V
He did not sleep all night. He had plucked the flower because he saw in this action a deed he was in duty bound to perform. At the very first glance through the glass door the bloodred petals had attracted his attention, and it seemed to him that from this moment it was perfectly clear what in particular he was called upon to perform on earth. In this brilliant red flower was collected all the evil existent on earth. He knew that opium is made from poppies, and perhaps this knowledge, taking some fantastic, distorted form, had induced him to create this terrible and monstrous phantom. In his eyes the flower was the personification of all evil. It flourished on all innocent bloodshed (which was why it was so red), on all tears, and all human venom.

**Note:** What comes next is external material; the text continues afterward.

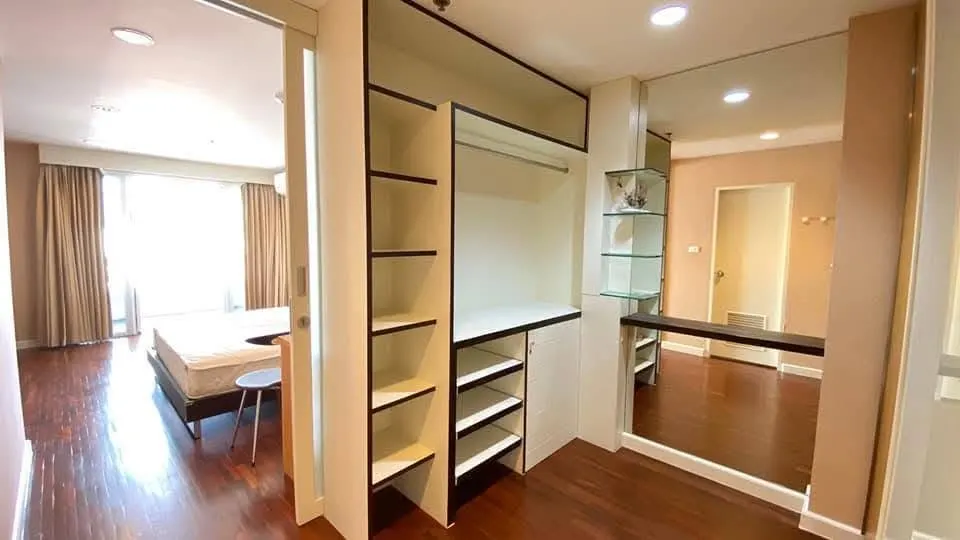 Bedroom of the 3-bedroom condo (111 sq.m.) at River Heaven Chareonkrung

It was a mysterious, awful being, the antithesis of God—Ahriman—who had taken a modest and innocent form. It was necessary to pluck and kill it. But more than this was necessary; it was necessary not to allow it to emit all its evil into the world. Therefore he had hid it in his chest. He hoped that by the morning it would have lost all its strength, that its evil would have passed into his body, his soul, and there be conquered or conquer—when, if the latter, he would himself perish, die, but die as an honourable knight and the first to wrestle at once with all the evil in this world. “They have not seen it. I saw it. Could I let it live? Better death!”
And he lay wearing himself out in a struggle, phantom and unreal, but nevertheless exhausting. In the morning the “dresser” found him scarcely alive. But this notwithstanding, in a short time excitability once more gained the upper hand. He jumped up from his bed, and resumed his former race through the passages of the Asylum, conversing with the other patients and himself more loudly and disjointedly than at any previous time.
They would not let him into the garden. The doctor, seeing that his weight was daily decreasing, and that he never slept, but continued incessantly to walk and walk, ordered that a strong dose of morphia be injected hypodermically. He did not resist. Luckily, on this occasion his disordered brain in some manner accepted the operation. He quickly fell asleep, the feverish activity ceased, and the great motive which was its constant companion ceased to ring in his ears. He forgot all, and ceased to think of anything, even of the second blossom which it was necessary to pick.
However, he plucked it after an interval of three days before the very eyes of the old warder, who was unable to prevent him doing so. The warder gave chase, but with a loud triumphant yell the patient rushed into the Asylum and, hurling himself into his room, hid the plant on his chest.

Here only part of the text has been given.